Jo Carol Hamilton, the daughter and grand-daughter of firefighters and herself married to a firefighting instructor, began "helping at grass fires" in Shirley, Arkansas, in the mid-1960's. She later became a fire dispatcher, then an apparatus driver, and finally the chief of the Shirley Volunteer Fire Department, the first woman fire chief in Arkansas. She was also a fire instructor and wrote articles for national publications about women in the fire service. Hamilton learned from her own experiences the importance of proper technique in firefighting. At 5'3" and 105 pounds, she said, "I can normally handle an inch-and-a-half hose by myself.
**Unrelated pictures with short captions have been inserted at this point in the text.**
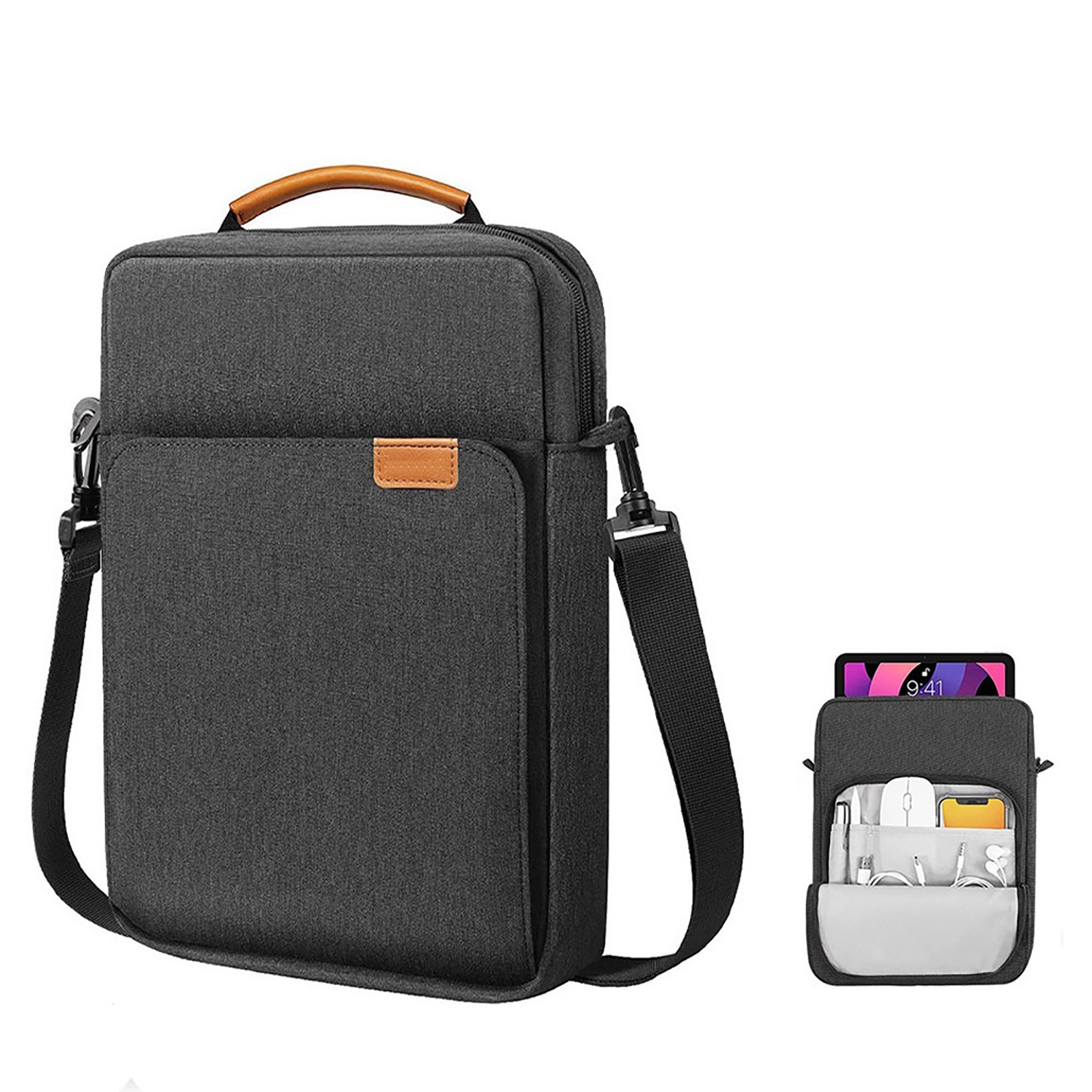 9-11 Inch Tablet Sleeve Bag Storage Bag with Shoulder Strap for Galaxy Tab gg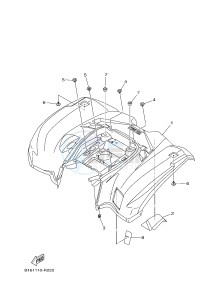 YFM700FWBD YFM70KPHG KODIAK 700 EPS HUNTER (2SM7) drawing REAR FENDER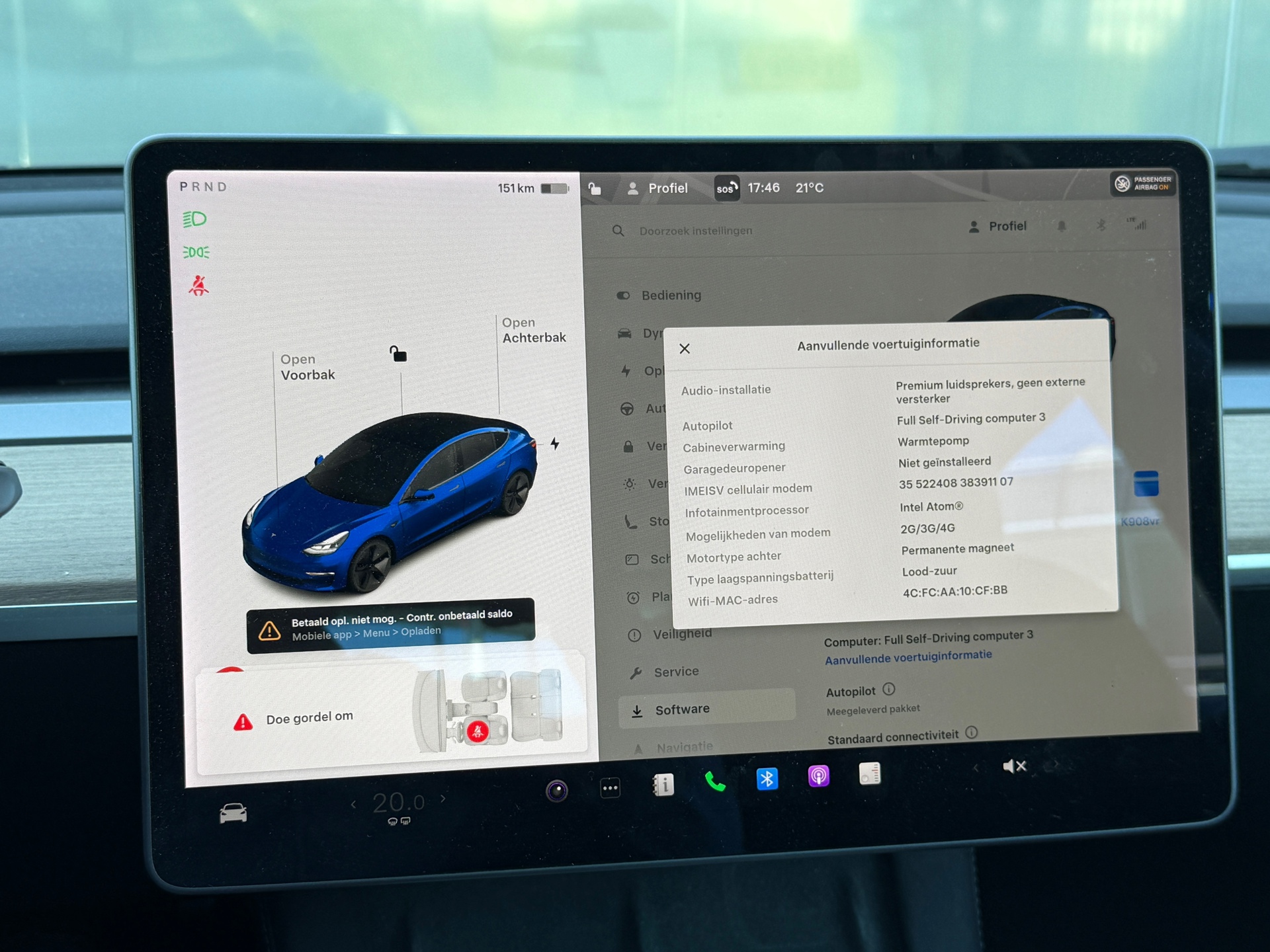 Foto van Tesla Model 3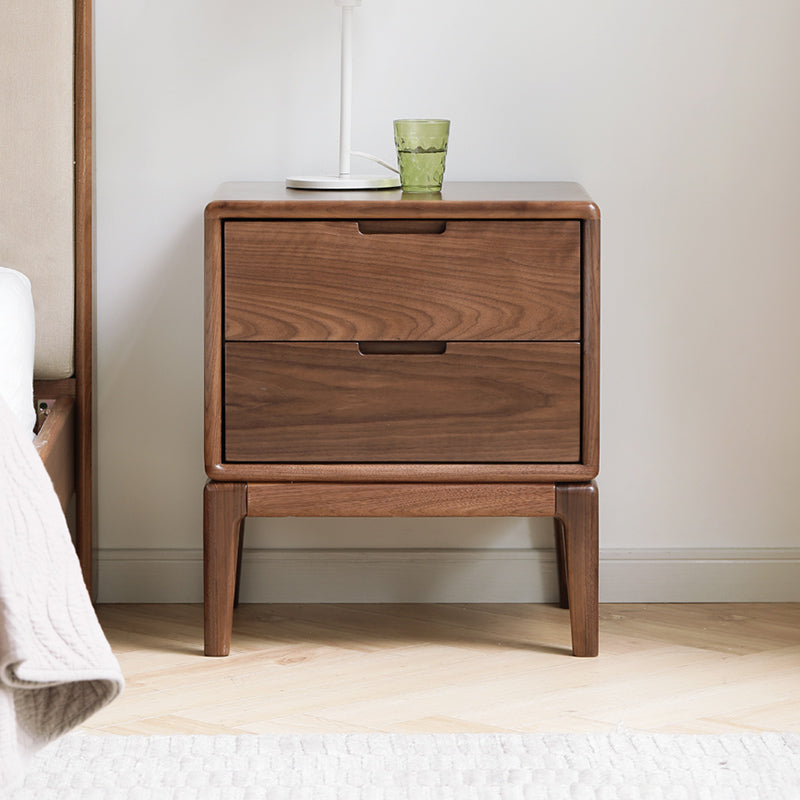 Black Walnut, Ash Solid Wood Nordic Modern Nightstand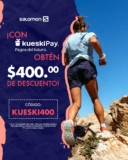 Cupón Salomon de $400 de descuento al pagar con Kueski Pay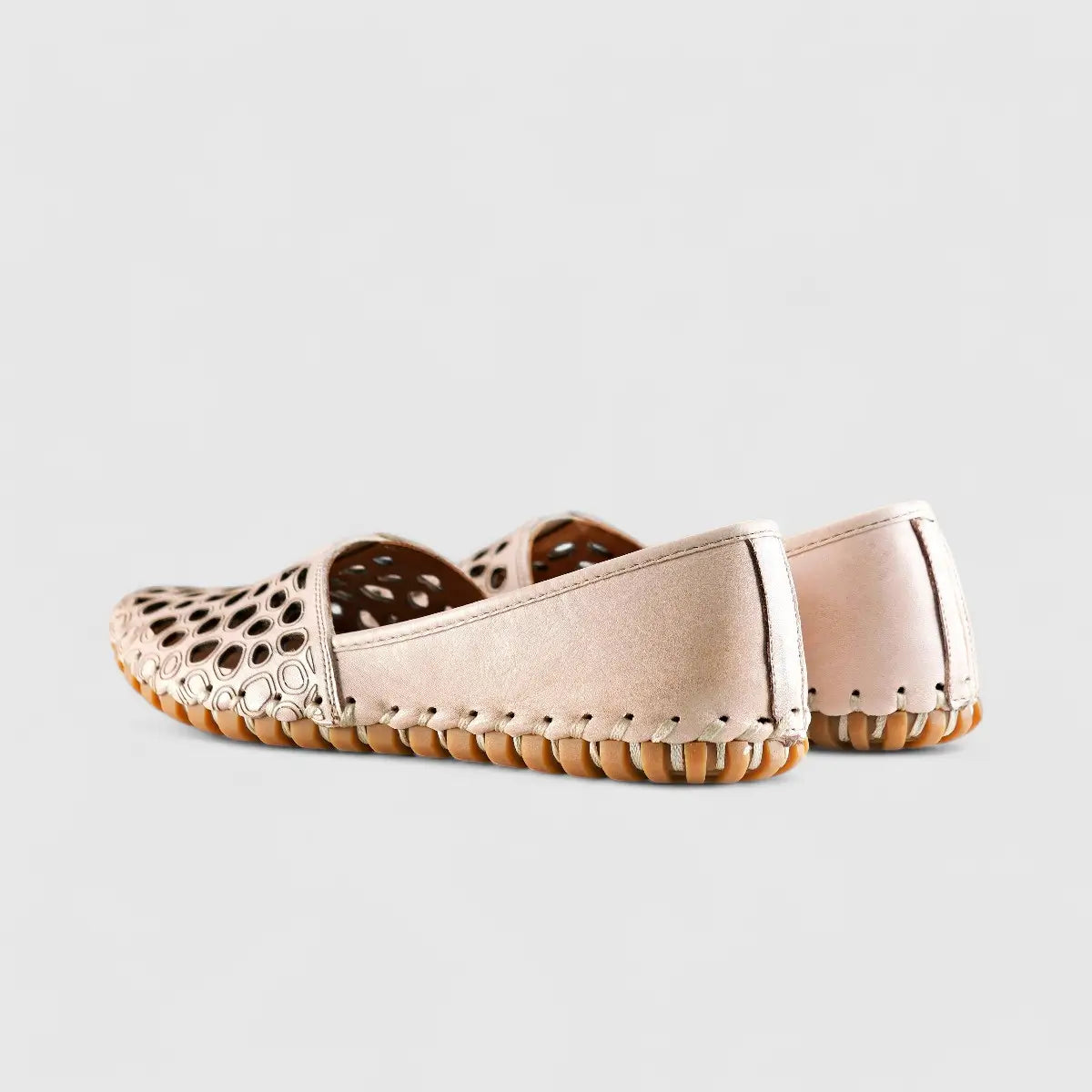 Karyoka Comfort Leather Casuals Beige 1164 Sandals | familyshoecentre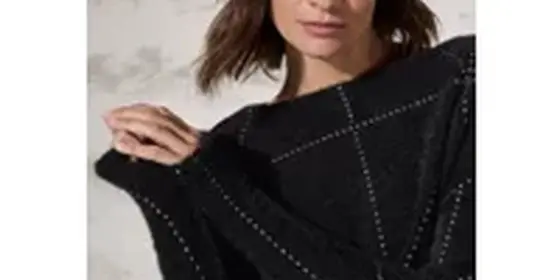 Cecil Damen Federgarn Langarmshirt in Schwarz, Gr: L ansehen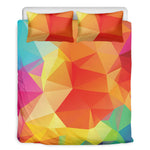 Abstract Polygonal Geometric Print Duvet Cover Bedding Set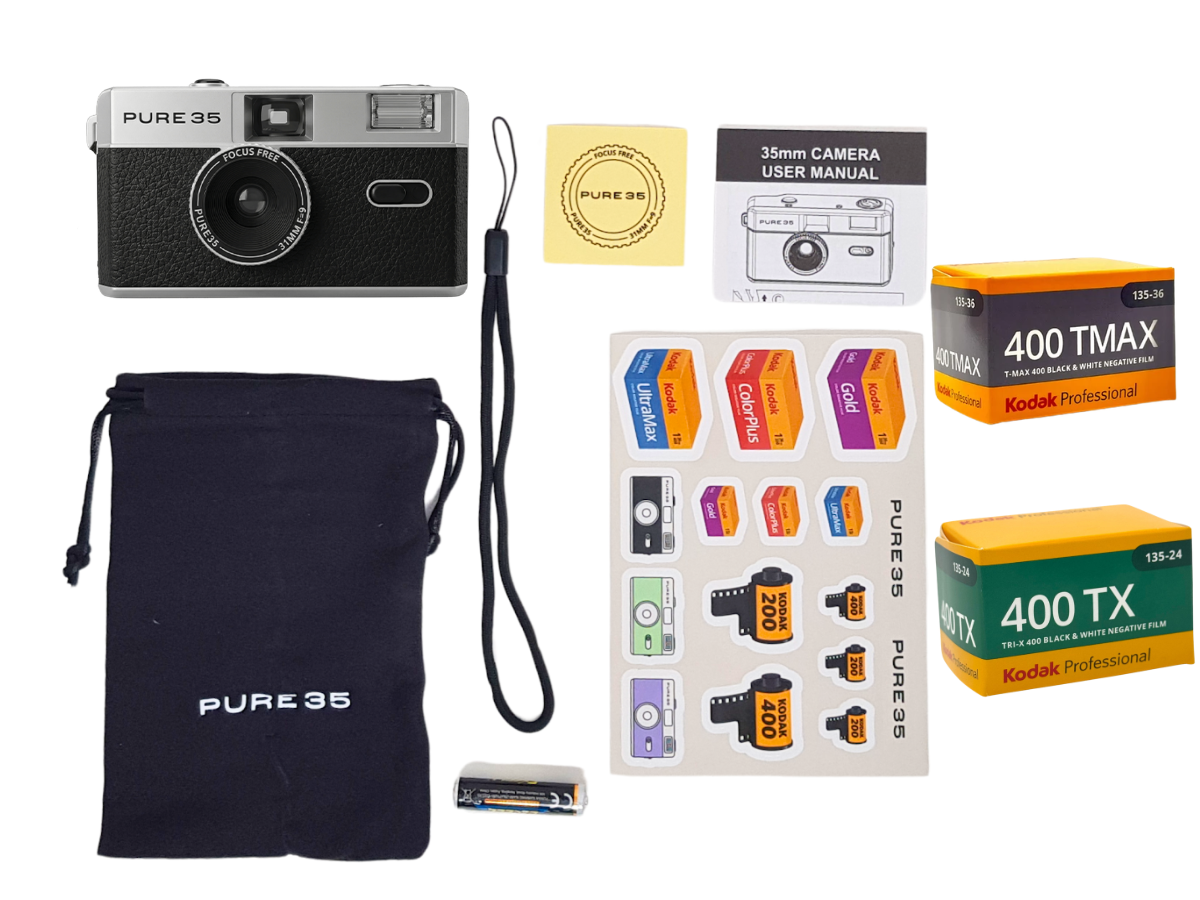 PURE35 Purist 35mm Camera & Film Bundle
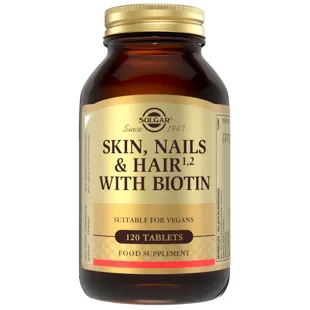 Solgar Hair, Skin and Nails with Biotin 120 Tablets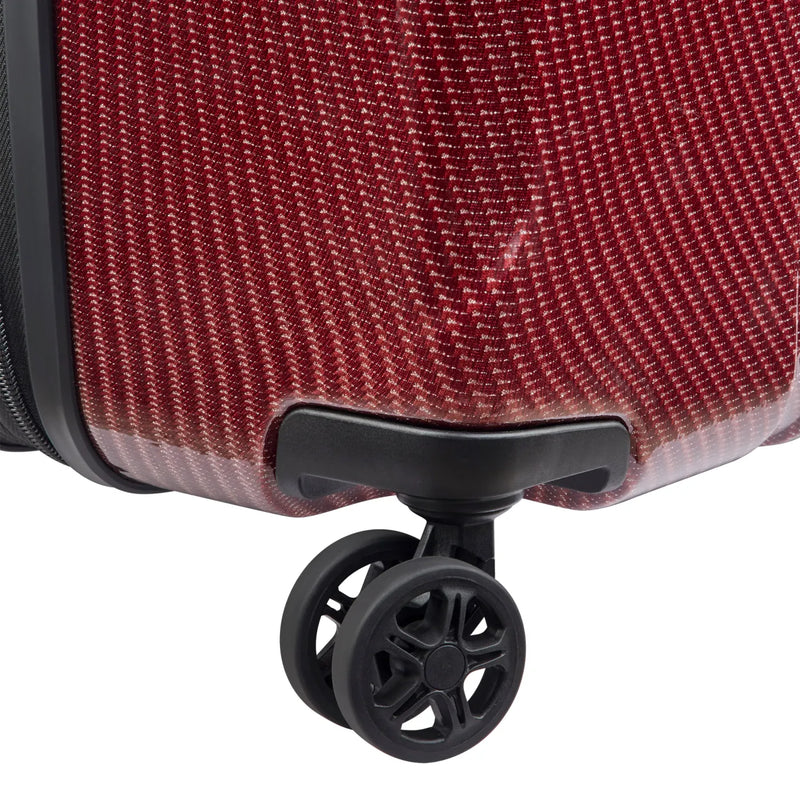 Delsey Helium Ultimate 76 cm 4-Wheel Expandable Suitcase - Burgundy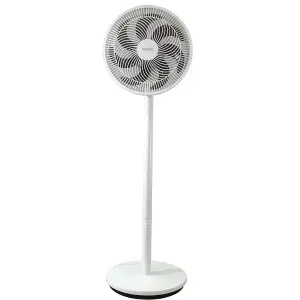 Igenix IGFP012W  Pedestal Fan With Adjustable Height, 12 Inch, 7 Blades, 3 Speeds, White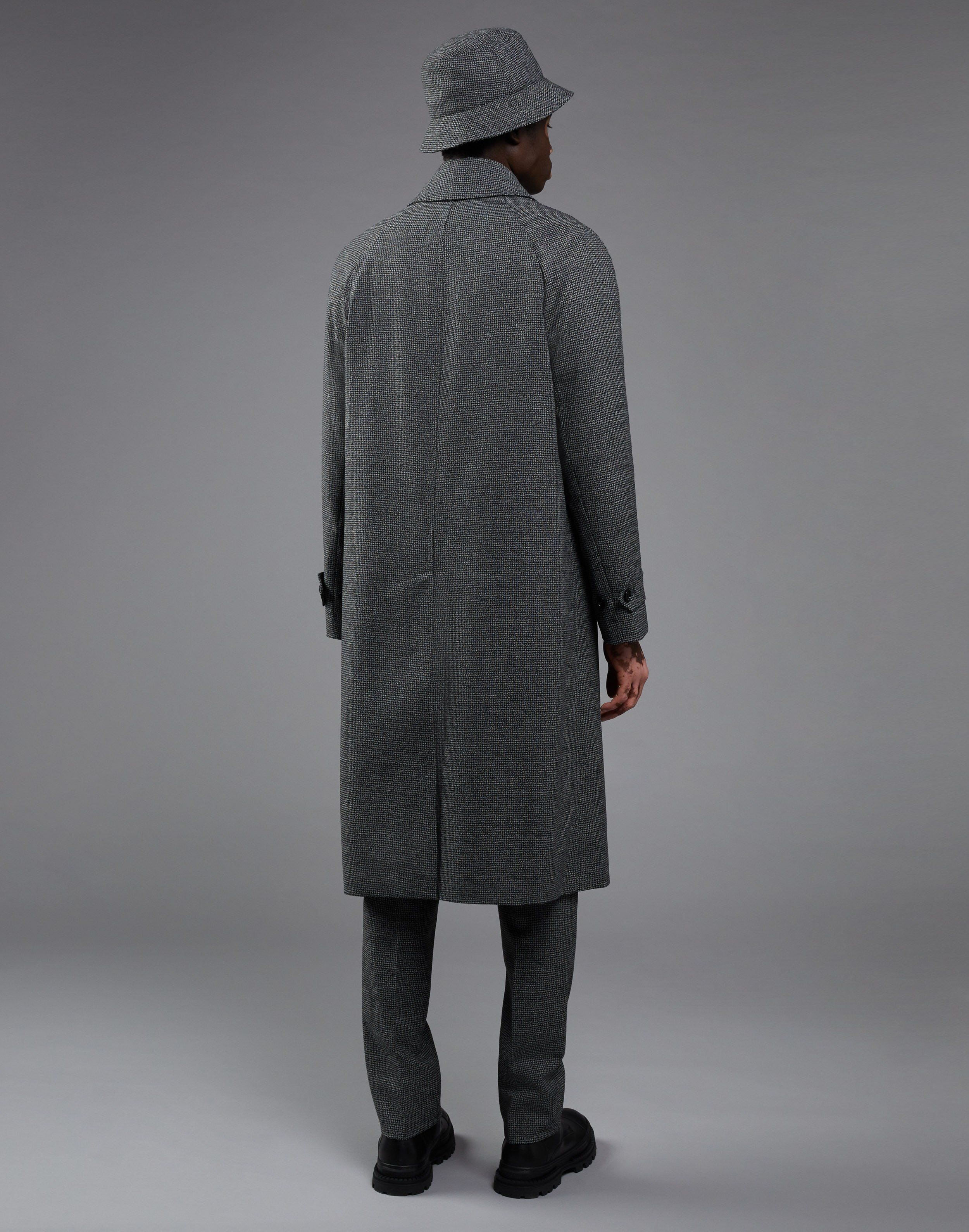 Single-breasted coat in high-twist wool | Lardini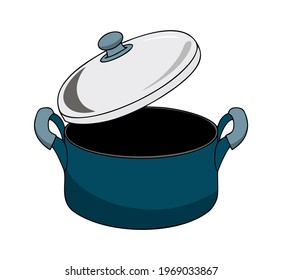 Vector illustration of Sauce Pan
Yet I've seen it knock down big men who didn't know how to handle it. The difference is all in knowing how."

All-women fire companies developed in King County, California, and Woodbine, Texas, in the 1960's. The "Firettes," billed as "King County's fire-fightingest firefighters," were organized in 1962 to provide firefighting and first-aid services to King County Fire District #44 during the daylight hours when male volunteers were scarce. The Firettes attended a firefighters' conference in Yakima, Washington, and put on a demonstration where they extinguished flammable liquid fires, pit fires, and vehicle fires.

In 1967, several women in the small town of Woodbine, Texas, grew concerned about the risk posed by brush fires. The nearest fire department was ten miles away, and vegetation fires would often consume a building before fire equipment arrived. The women decided to form their own volunteer fire department. They held raffles and bake sales to raise $125 to buy a 1942 Ford pumper from a nearby department, and received training from neighboring jurisdictions and from the U.S. Forest Service. Undeterred by a lack of protective gear or a formal communications system, the Woodbine Ladies Fire Department grew to include 23 members and protected their community from fire for eleven years.